3.3.    In de aanvraag staat dat geen brandgevaarlijke activiteiten zullen plaatsvinden, omdat geen rangeeractiviteiten met gevaarlijke stoffen zullen plaatsvinden. Verder staat in het bij de aanvraag behorende stuk "Aanvullende informatie en bijlagen bij Wabo-aanvraagformulier omgevingsvergunning (milieudeel) spoorwegemplacement Dordrecht" van 30 november 2012 dat Dordrecht vervalt als Bevi-emplacement omdat, in tegenstelling tot de vigerende vergunning, geen vergunningplichtige activiteiten meer zijn aangevraagd die relevant zijn voor de externe veiligheid.
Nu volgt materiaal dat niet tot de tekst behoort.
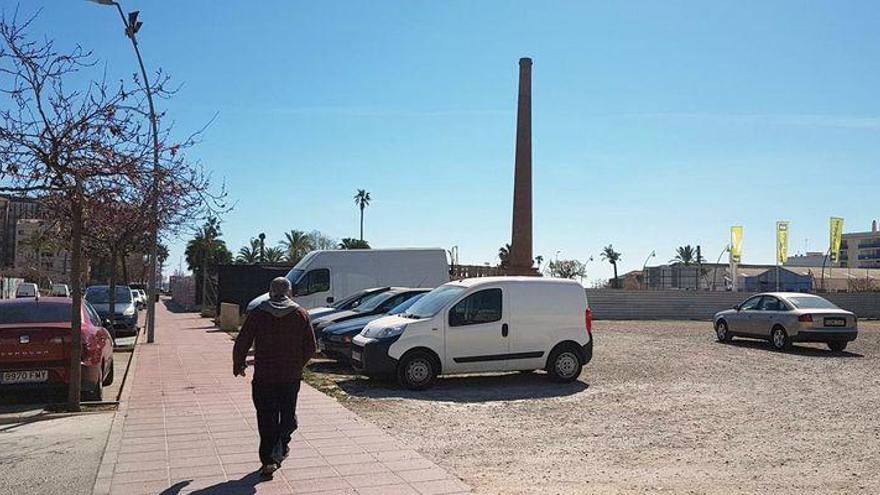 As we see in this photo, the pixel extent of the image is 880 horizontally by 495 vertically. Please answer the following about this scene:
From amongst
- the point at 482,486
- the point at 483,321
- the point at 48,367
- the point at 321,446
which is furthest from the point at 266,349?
the point at 483,321

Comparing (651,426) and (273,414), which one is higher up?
(273,414)

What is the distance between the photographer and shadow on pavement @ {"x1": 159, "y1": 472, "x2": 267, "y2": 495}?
5980mm

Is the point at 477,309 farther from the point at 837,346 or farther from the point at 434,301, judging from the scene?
the point at 837,346

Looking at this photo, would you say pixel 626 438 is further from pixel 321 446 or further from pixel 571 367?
pixel 571 367

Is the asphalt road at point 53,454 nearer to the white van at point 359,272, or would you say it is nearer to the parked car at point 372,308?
the parked car at point 372,308

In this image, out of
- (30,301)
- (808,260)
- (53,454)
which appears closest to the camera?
(53,454)

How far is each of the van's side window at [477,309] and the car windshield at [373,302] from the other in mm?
4447

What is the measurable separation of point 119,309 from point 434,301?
15.2m

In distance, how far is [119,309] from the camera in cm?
2417

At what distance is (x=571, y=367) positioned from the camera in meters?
12.9

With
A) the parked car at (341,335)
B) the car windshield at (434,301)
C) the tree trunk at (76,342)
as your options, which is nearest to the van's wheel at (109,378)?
the tree trunk at (76,342)

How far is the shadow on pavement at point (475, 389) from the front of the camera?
11406mm

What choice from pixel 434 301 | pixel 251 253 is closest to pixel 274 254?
pixel 251 253

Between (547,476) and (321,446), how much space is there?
7.79 ft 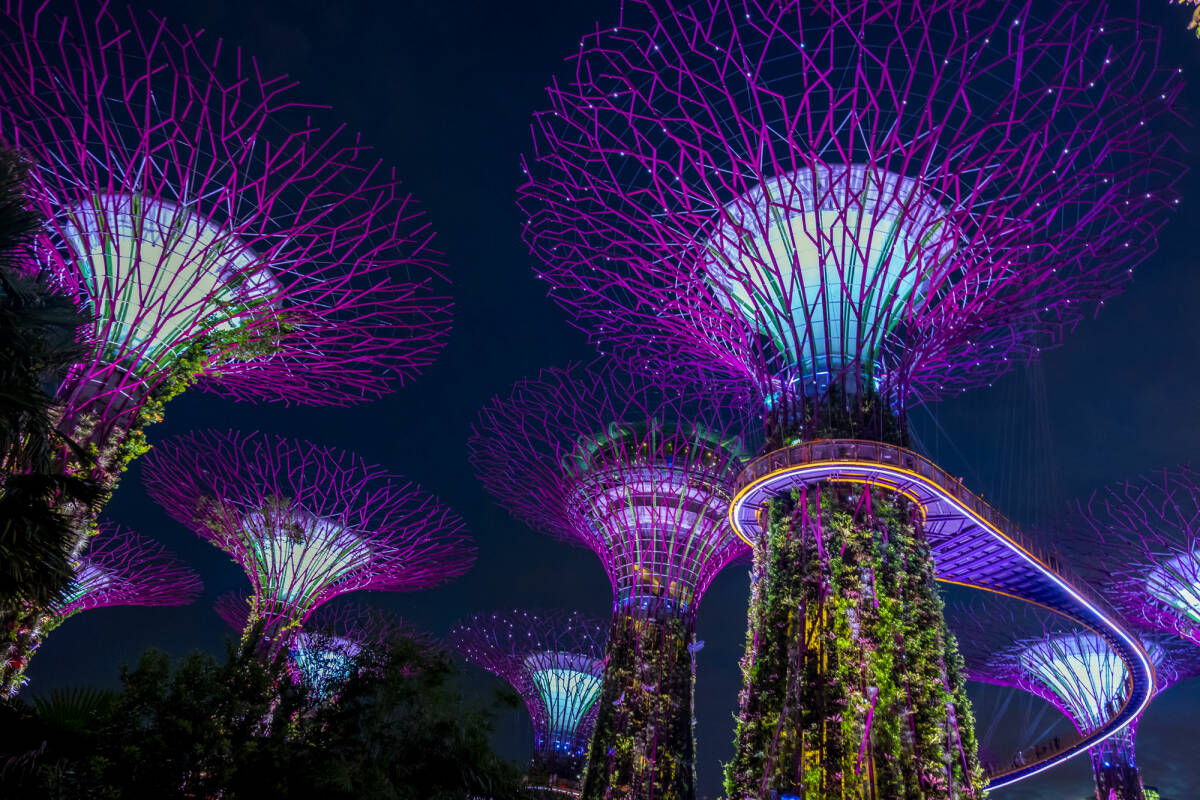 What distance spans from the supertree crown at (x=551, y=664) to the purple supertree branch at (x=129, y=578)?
51.3 ft

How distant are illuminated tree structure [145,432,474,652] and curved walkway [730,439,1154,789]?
14.4 meters

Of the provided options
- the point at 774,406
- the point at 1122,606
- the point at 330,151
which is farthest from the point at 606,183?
the point at 1122,606

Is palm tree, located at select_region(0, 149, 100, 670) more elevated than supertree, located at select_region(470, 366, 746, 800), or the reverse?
supertree, located at select_region(470, 366, 746, 800)

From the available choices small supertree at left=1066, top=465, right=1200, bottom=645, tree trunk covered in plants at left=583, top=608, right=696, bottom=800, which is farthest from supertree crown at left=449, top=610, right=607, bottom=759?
small supertree at left=1066, top=465, right=1200, bottom=645

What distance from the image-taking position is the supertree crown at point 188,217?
13055mm

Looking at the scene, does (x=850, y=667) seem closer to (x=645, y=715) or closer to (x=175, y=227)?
(x=645, y=715)

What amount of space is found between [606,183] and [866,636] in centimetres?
1108

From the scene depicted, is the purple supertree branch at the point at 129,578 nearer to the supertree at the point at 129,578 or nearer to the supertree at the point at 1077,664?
the supertree at the point at 129,578

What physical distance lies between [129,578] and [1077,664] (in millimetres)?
46057

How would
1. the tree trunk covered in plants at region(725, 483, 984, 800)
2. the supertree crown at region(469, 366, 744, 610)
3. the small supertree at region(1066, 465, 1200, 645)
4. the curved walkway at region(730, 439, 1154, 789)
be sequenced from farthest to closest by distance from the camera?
the small supertree at region(1066, 465, 1200, 645), the supertree crown at region(469, 366, 744, 610), the curved walkway at region(730, 439, 1154, 789), the tree trunk covered in plants at region(725, 483, 984, 800)

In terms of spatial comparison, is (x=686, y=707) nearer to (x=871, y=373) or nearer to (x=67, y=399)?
(x=871, y=373)

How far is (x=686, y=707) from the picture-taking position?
84.2 feet

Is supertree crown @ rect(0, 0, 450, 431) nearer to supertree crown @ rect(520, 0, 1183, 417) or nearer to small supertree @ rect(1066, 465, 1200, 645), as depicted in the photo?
supertree crown @ rect(520, 0, 1183, 417)

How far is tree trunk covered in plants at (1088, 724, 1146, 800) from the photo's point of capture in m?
39.2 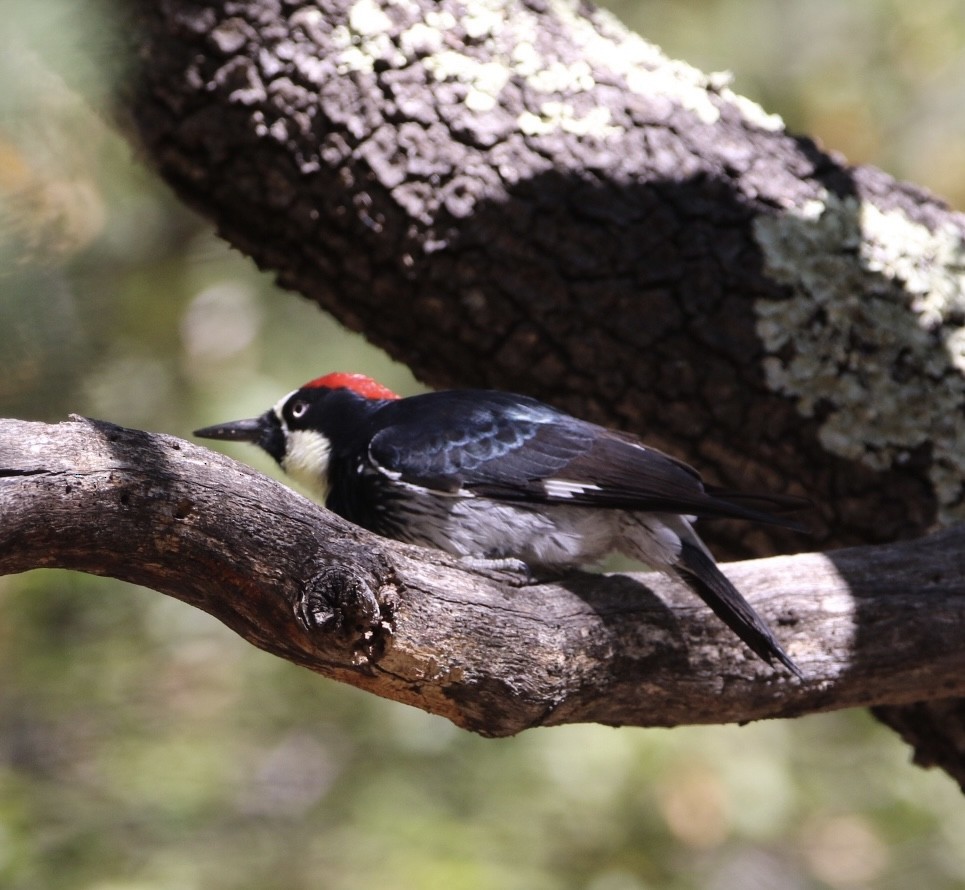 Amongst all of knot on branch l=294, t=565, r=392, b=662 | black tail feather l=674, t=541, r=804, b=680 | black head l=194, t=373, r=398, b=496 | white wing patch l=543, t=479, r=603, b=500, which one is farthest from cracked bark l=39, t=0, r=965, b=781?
knot on branch l=294, t=565, r=392, b=662

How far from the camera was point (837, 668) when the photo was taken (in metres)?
2.88

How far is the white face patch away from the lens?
3.52 meters

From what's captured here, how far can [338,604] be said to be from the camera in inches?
85.0

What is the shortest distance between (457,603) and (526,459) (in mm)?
718

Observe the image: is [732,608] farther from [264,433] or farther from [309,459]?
[264,433]

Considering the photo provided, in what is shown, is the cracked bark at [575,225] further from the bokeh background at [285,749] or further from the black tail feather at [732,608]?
the black tail feather at [732,608]

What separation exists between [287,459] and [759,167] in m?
1.83

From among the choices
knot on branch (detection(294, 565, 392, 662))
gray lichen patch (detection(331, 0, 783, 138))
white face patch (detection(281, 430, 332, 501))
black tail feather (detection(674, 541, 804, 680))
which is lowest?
knot on branch (detection(294, 565, 392, 662))

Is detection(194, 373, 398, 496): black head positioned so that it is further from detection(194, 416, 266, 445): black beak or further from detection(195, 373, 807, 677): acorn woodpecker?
detection(195, 373, 807, 677): acorn woodpecker

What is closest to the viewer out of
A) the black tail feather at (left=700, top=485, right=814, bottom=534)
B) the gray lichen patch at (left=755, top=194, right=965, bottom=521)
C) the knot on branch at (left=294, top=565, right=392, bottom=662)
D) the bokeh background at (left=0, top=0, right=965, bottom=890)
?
the knot on branch at (left=294, top=565, right=392, bottom=662)

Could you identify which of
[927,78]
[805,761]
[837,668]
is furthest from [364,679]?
[927,78]

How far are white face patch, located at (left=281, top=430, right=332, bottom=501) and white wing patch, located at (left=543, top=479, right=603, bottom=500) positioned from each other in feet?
2.68

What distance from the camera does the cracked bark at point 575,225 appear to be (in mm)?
3443

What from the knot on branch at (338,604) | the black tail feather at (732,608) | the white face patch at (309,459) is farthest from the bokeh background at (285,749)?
the black tail feather at (732,608) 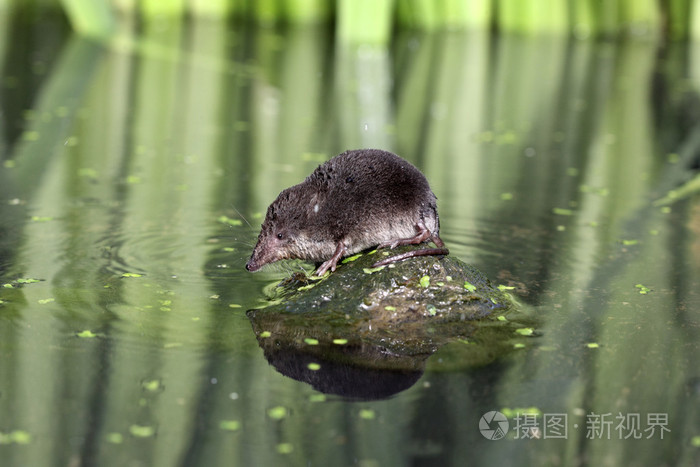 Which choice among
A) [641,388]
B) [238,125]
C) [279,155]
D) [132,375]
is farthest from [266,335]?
[238,125]

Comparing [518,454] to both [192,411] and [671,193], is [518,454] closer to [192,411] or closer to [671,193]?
[192,411]

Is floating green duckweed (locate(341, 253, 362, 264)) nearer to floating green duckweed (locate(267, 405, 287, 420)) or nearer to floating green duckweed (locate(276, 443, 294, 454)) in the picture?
floating green duckweed (locate(267, 405, 287, 420))

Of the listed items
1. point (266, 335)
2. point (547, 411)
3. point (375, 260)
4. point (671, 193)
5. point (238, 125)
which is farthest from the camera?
point (238, 125)

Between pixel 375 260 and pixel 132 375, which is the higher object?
pixel 375 260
Verder staat er dat middels deze aanvraag afstand wordt gedaan van de mogelijkheid om in Dordrecht nog activiteiten uit te voeren die relevant zijn voor de externe veiligheid. De Afdeling merkt op dat er geen activiteiten zijn  aangevraagd die niettegenstaande het voorgaande op voor de externe veiligheid relevante gevaarlijke stoffen betrekking hebben. Anders dan de rechtbank is de Afdeling daarom van oordeel dat uit de aanvraag en de daarbij behorende stukken ondubbelzinnig blijkt dat ProRail geen activiteiten met voor de externe veiligheid relevante gevaarlijke stoffen heeft aangevraagd.

Aangezien er geen activiteiten met voor de externe veiligheid relevante gevaarlijke stoffen zijn aangevraagd, is het verbinden van voorschrift 6.1.2 aan de vergunning overbodig. De rechtbank heeft niet onderkend dat het besluit van 12 september 2016 in zoverre onzorgvuldig is genomen.

Het betoog slaagt.

Heeft het college in redelijkheid voorschrift 6.1.3 aan de vergunning kunnen verbinden?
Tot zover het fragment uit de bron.